Without including any images, repeat the listing below exactly.

GIVEN MATERIAL:
• • • • •

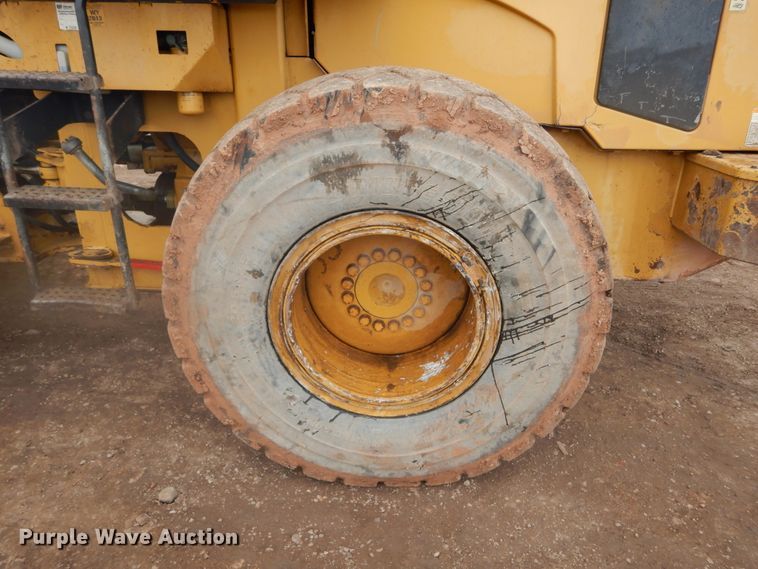 image for item DK3261 2002 Caterpillar 938G  wheel loader<br />An erroneous bid was placed in the last moments of bidding on this asset in our December 16 auction.
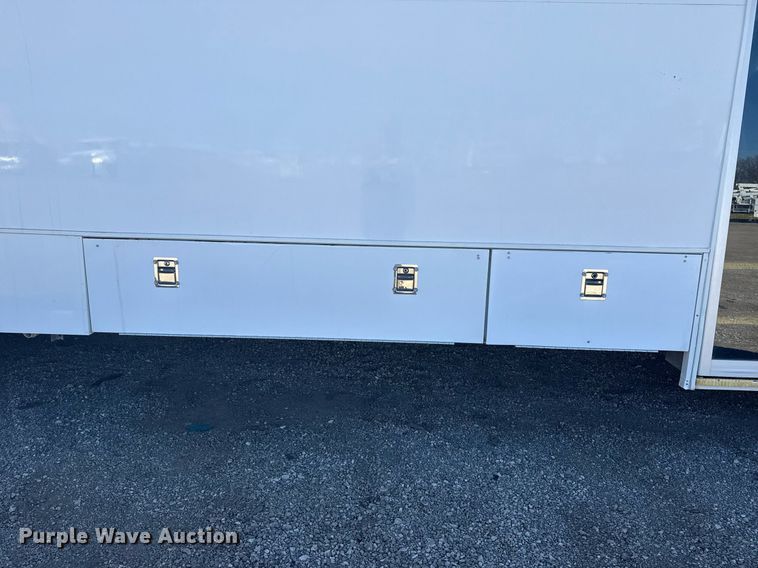 image for item EG2592 2008 Ford F650 Super Duty shuttle bus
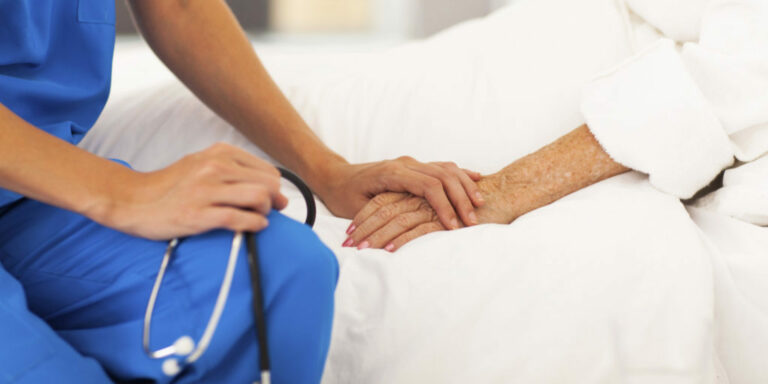 Giornata mondiale delle cure palliative. Domani visite gratuite a Sant’Arsenio e ad Eboli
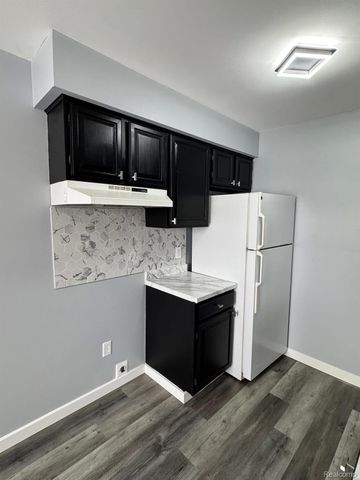 31844 Kelly Road 4, Roseville, MI 48066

• • • • •

ANSWER:
 image for item DK3261 2002 Caterpillar 938G  wheel loader<br />An erroneous bid was placed in the last moments of bidding on this asset in our December 16 auction.
 image for item EG2592 2008 Ford F650 Super Duty shuttle bus
 Giornata mondiale delle cure palliative. Domani visite gratuite a Sant’Arsenio e ad Eboli
 31844 Kelly Road 4, Roseville, MI 48066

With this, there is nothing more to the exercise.